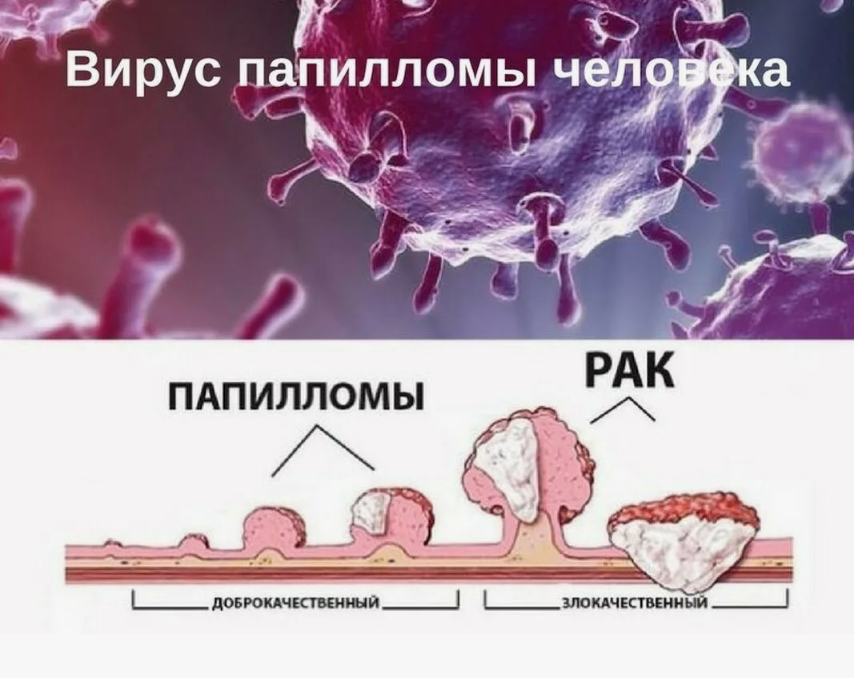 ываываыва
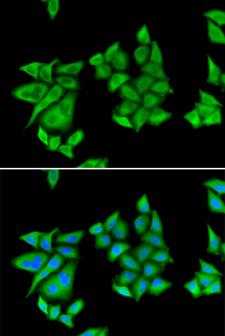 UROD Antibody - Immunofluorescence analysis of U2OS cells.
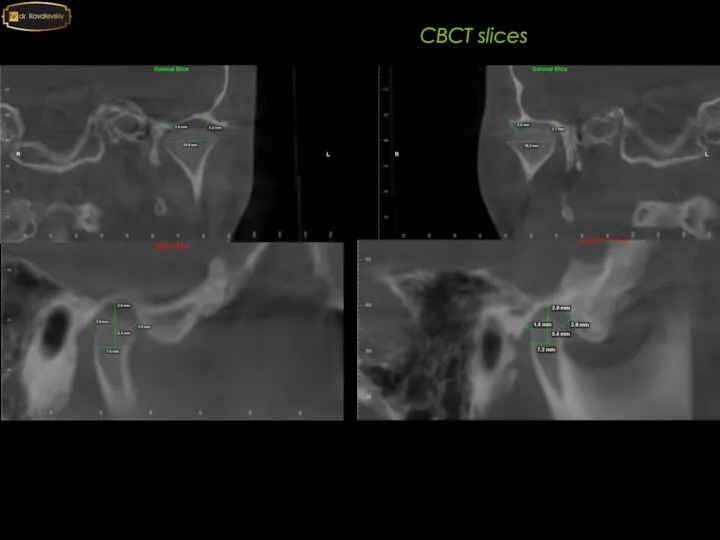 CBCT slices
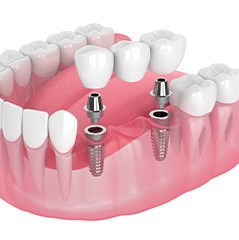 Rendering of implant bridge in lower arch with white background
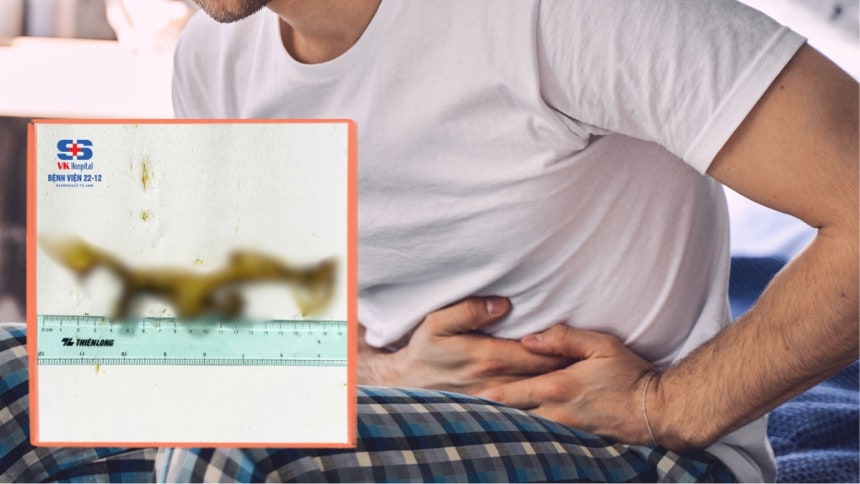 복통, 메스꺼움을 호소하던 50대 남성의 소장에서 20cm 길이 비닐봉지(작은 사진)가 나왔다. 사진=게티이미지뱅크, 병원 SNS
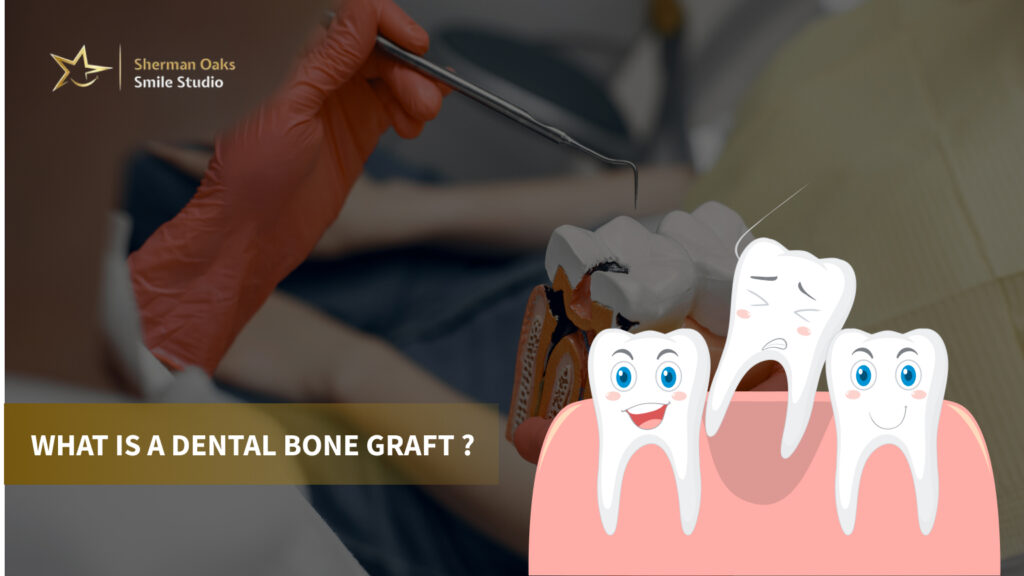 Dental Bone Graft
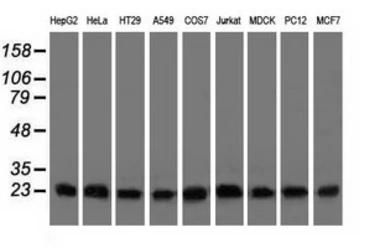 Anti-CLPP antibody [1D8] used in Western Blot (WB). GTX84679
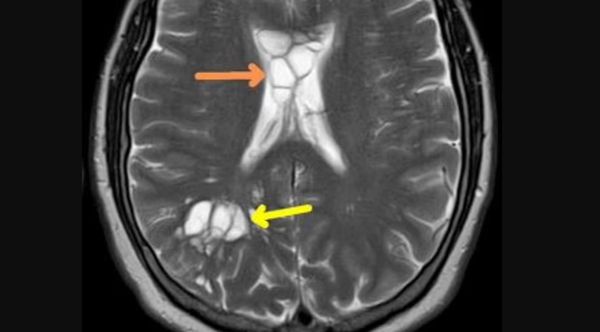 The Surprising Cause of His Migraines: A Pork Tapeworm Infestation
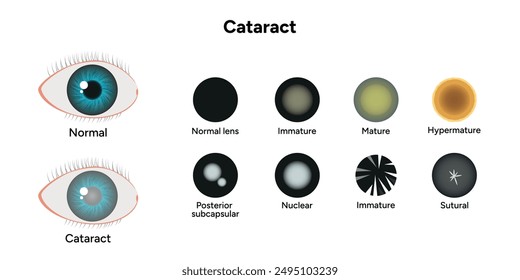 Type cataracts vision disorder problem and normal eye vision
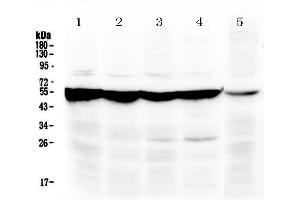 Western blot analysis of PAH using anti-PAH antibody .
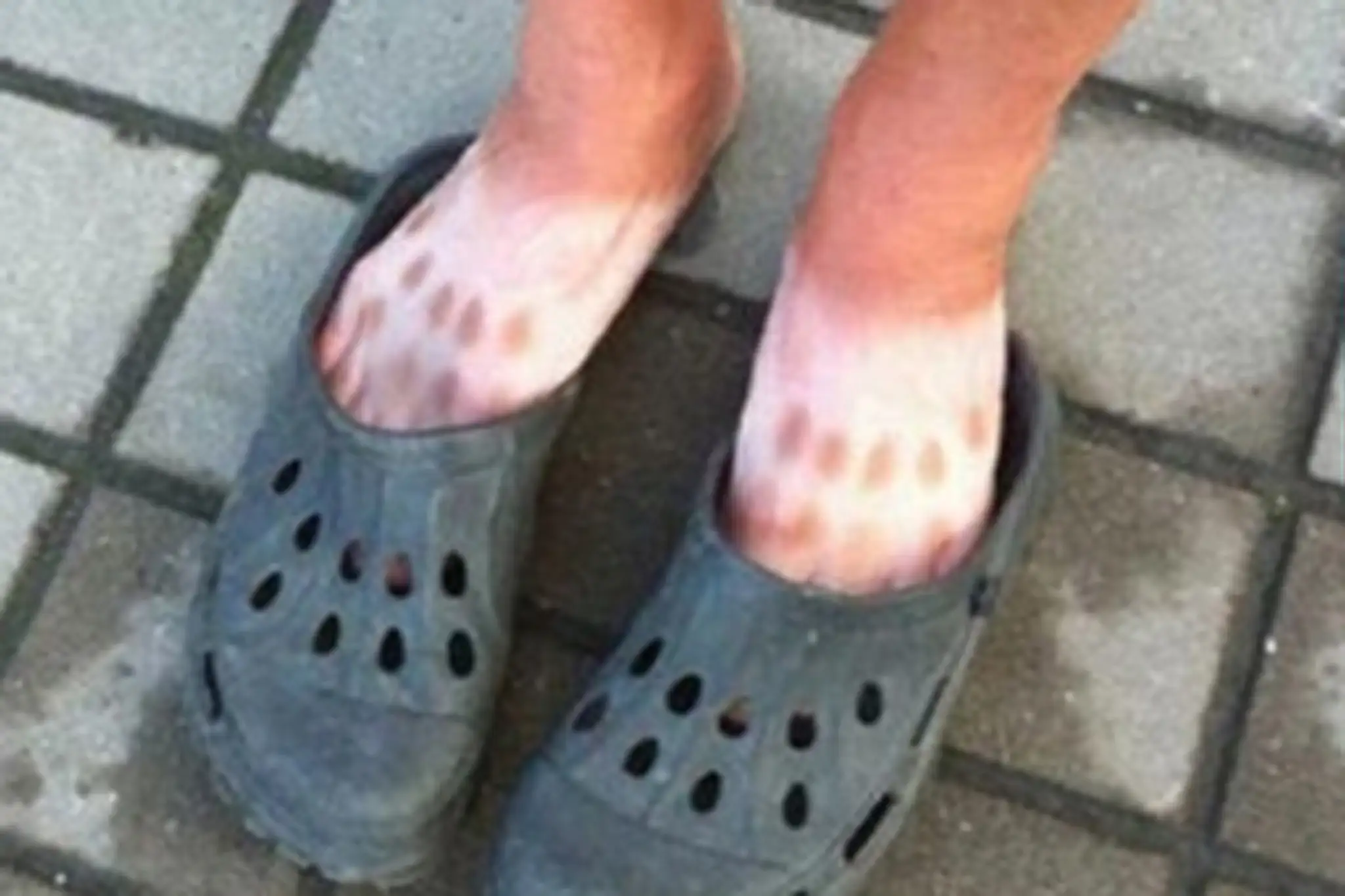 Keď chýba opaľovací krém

_Task objective:_ The reply should hold exactly the lines above, starting at the line with "CBCT slices" and ending at the line with "Type cataracts vision", and no pictures.

_Exercise output:_
 CBCT slices
 Rendering of implant bridge in lower arch with white background
 복통, 메스꺼움을 호소하던 50대 남성의 소장에서 20cm 길이 비닐봉지(작은 사진)가 나왔다. 사진=게티이미지뱅크, 병원 SNS
 Dental Bone Graft
 Anti-CLPP antibody [1D8] used in Western Blot (WB). GTX84679
 The Surprising Cause of His Migraines: A Pork Tapeworm Infestation
 Type cataracts vision disorder problem and normal eye vision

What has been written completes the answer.